◆ Material provided ◆
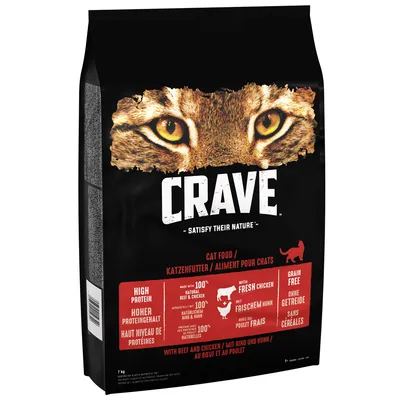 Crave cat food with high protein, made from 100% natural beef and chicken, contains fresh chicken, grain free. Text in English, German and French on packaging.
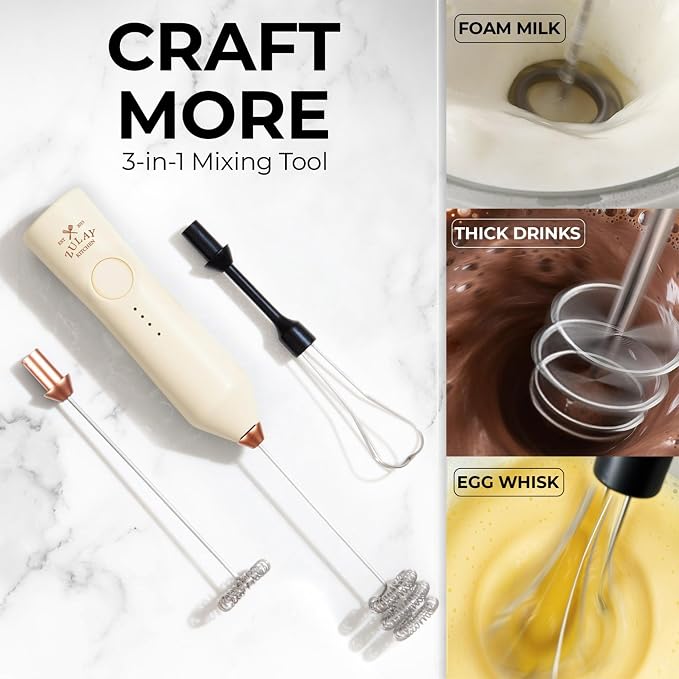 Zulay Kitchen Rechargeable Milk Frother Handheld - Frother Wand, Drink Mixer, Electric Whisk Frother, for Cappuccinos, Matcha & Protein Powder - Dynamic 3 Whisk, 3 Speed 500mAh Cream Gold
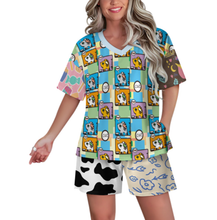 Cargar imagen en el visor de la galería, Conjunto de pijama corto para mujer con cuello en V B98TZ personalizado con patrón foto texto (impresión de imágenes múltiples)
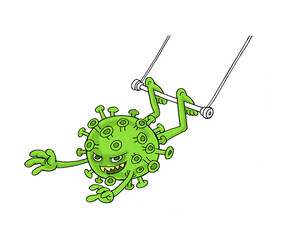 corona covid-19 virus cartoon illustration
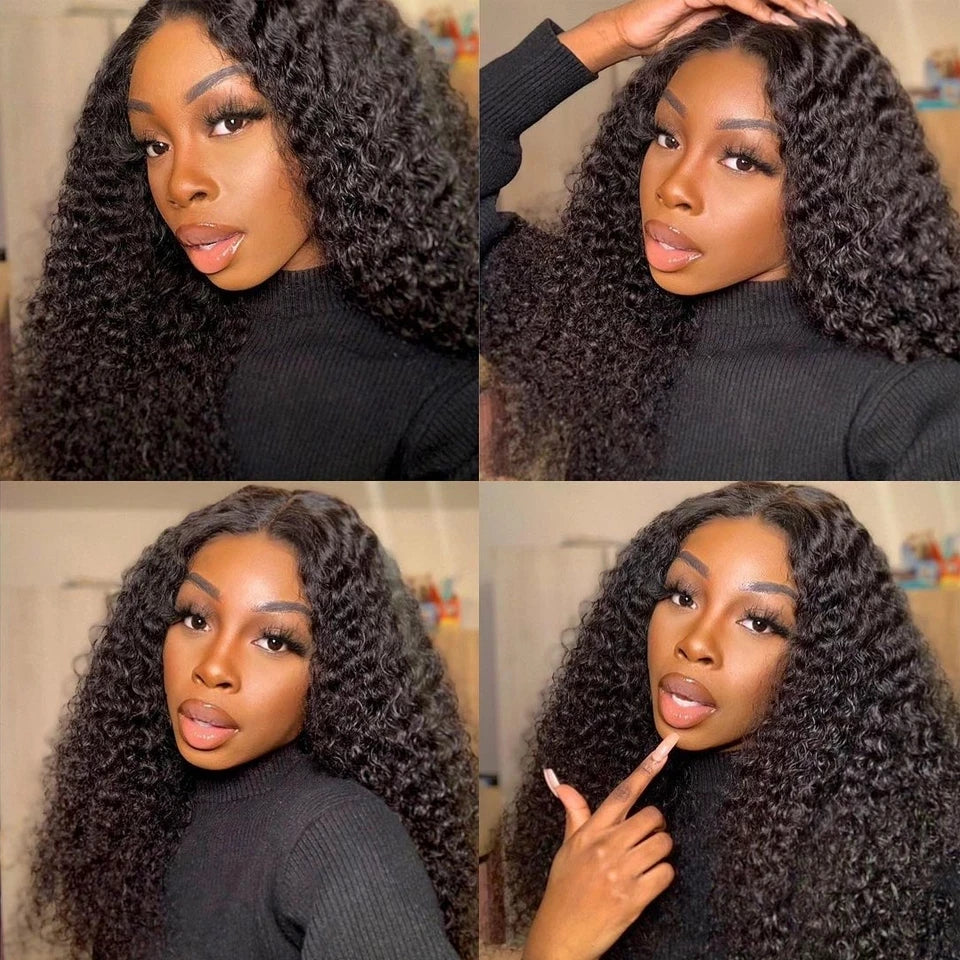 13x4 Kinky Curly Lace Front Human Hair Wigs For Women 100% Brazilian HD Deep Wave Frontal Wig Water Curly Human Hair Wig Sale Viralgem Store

◆ Problem ◆
Please repeat each record exactly and keep every picture out of the copy.

◆ Answer for this exercise ◆
 Crave cat food with high protein, made from 100% natural beef and chicken, contains fresh chicken, grain free. Text in English, German and French on packaging.
 Zulay Kitchen Rechargeable Milk Frother Handheld - Frother Wand, Drink Mixer, Electric Whisk Frother, for Cappuccinos, Matcha & Protein Powder - Dynamic 3 Whisk, 3 Speed 500mAh Cream Gold
 Cargar imagen en el visor de la galería, Conjunto de pijama corto para mujer con cuello en V B98TZ personalizado con patrón foto texto (impresión de imágenes múltiples)
 corona covid-19 virus cartoon illustration
 13x4 Kinky Curly Lace Front Human Hair Wigs For Women 100% Brazilian HD Deep Wave Frontal Wig Water Curly Human Hair Wig Sale Viralgem Store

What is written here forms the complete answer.